As we travel through the rough terrain of the strange land of addiction, we can suffer from compassion burn out, not onIy around our suffering child but also toward all those in our family or close circle of friends with whom we have shared our compassion and love in the past.
I appreciate it when poet Theodore Roethke discovers the spirit of Love in the realm of nature. In this natural epiphany he renews his love and enthusiasm for life.
With great joy, he says:
The Sun! The Sun! and all we can become! And the time is ripe for running to the moon!… My spirit rises with the rising wind; I’m thick with leaves and tender as a dove… I recover my tenderness by long looking. By midnight I love everything alive.”
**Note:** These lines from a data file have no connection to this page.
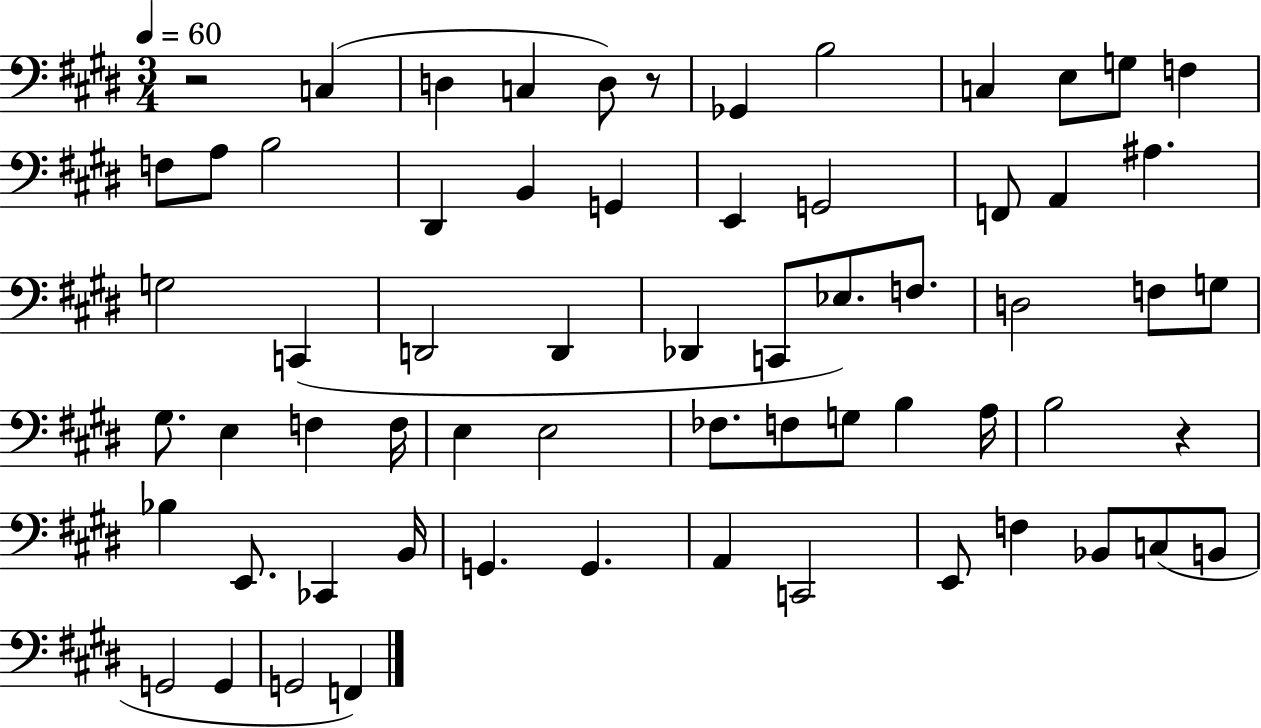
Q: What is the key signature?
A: E major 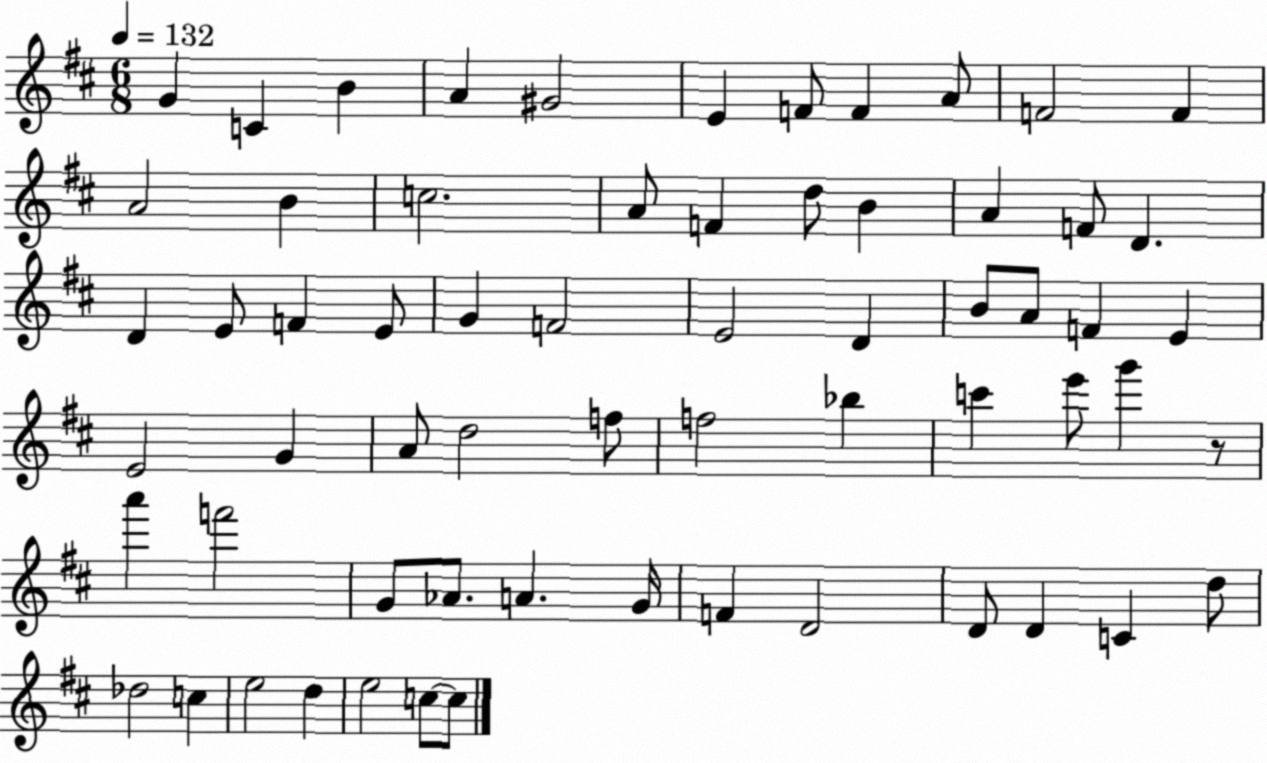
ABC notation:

X:1
T:Untitled
M:6/8
L:1/4
K:D
G C B A ^G2 E F/2 F A/2 F2 F A2 B c2 A/2 F d/2 B A F/2 D D E/2 F E/2 G F2 E2 D B/2 A/2 F E E2 G A/2 d2 f/2 f2 _b c' e'/2 g' z/2 a' f'2 G/2 _A/2 A G/4 F D2 D/2 D C d/2 _d2 c e2 d e2 c/2 c/2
I hope you can feel his enthusiasm too.
After a good night’s rest, when our day has flowed smoothe and pretty, it is fairly easy to say, “This is the day the Lord has made. Let us rejoice and be glad in it.” But after a full day of fear and stress and disappointment and the hurtful and hateful things that our own child may say to us, it takes freedom, extraordinary spiritual freedom, to say, “By mid- night I love everything alive.” When we say this and feel it , we know we’ve dropped the resentments, the bitterness. We’ve finished with the nightmares. It has been a long hard season of forgiveness but now I am free to love everything alive…”
By midnight the slate is wiped clean. By midnight I’ve dropped my anger, resentments and guilt. By midnight I’m back in touch with the love that lives at the center of the universe.